====== SUPPLIED MATERIAL

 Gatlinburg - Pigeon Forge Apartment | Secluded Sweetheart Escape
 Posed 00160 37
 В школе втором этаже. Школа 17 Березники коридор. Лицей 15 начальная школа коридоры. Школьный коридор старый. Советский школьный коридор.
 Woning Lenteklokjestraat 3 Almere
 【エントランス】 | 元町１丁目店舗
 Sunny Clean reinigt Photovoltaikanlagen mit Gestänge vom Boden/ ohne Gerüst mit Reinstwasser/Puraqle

============
====== SUPPLIED MATERIAL

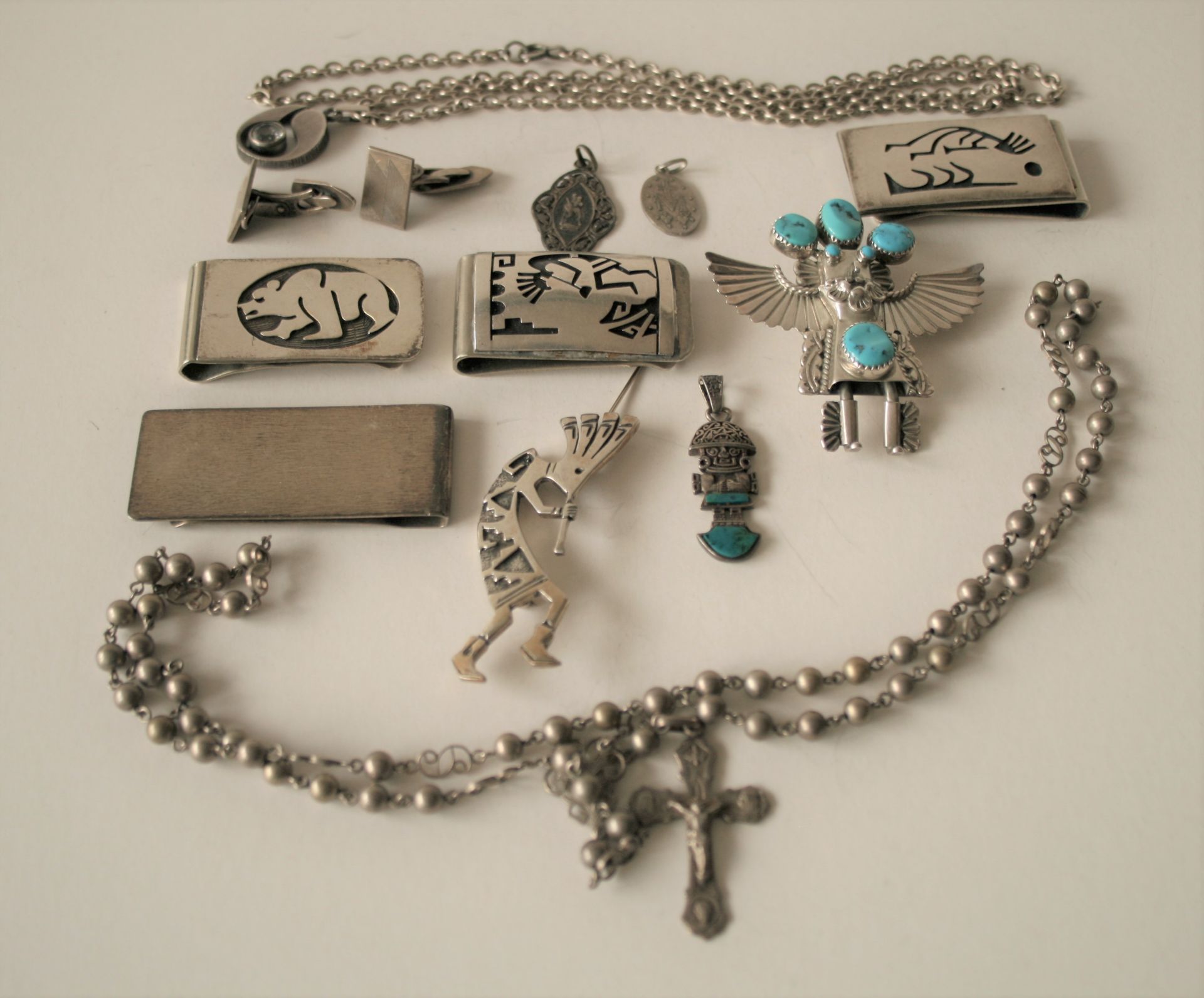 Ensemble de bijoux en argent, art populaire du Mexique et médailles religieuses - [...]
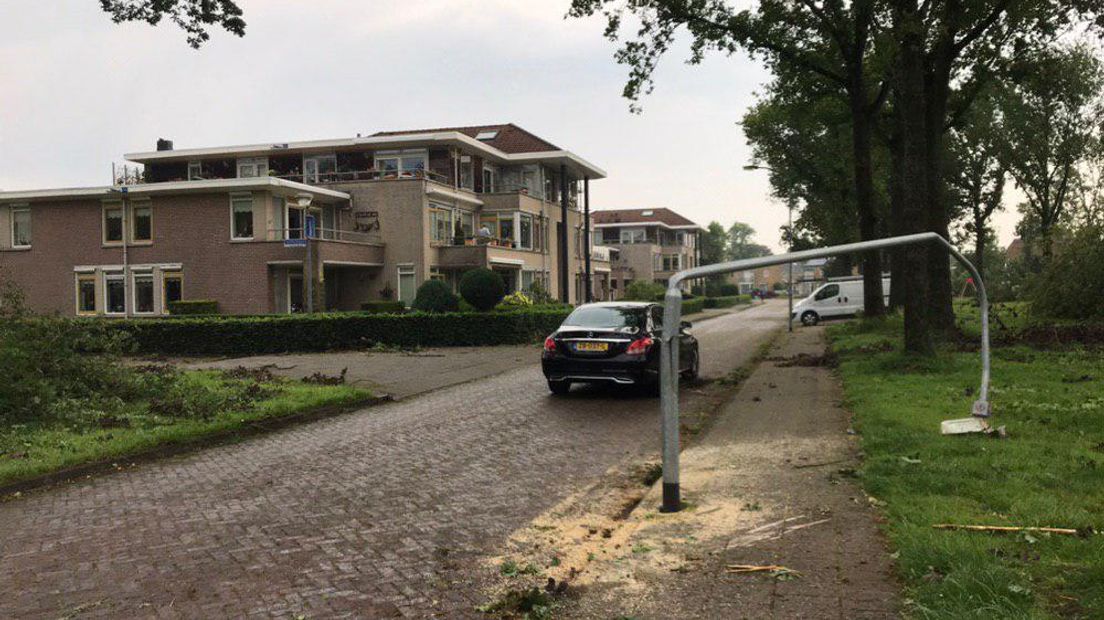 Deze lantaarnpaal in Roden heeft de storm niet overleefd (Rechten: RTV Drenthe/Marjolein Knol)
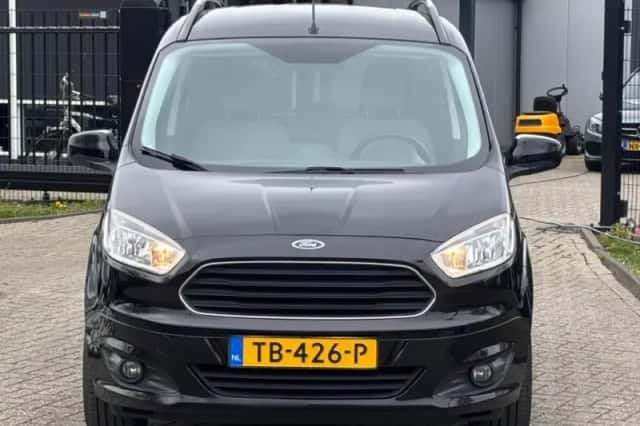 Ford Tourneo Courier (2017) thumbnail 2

============

YOUR OBJECTIVE:
What you give back must be the stretch above, starting at the line with "В школе втором" and ending at the line with "Sunny Clean reinigt", copied exactly.

ANSWER TO THE EXERCISE:
 В школе втором этаже. Школа 17 Березники коридор. Лицей 15 начальная школа коридоры. Школьный коридор старый. Советский школьный коридор.
 Woning Lenteklokjestraat 3 Almere
 【エントランス】 | 元町１丁目店舗
 Sunny Clean reinigt Photovoltaikanlagen mit Gestänge vom Boden/ ohne Gerüst mit Reinstwasser/Puraqle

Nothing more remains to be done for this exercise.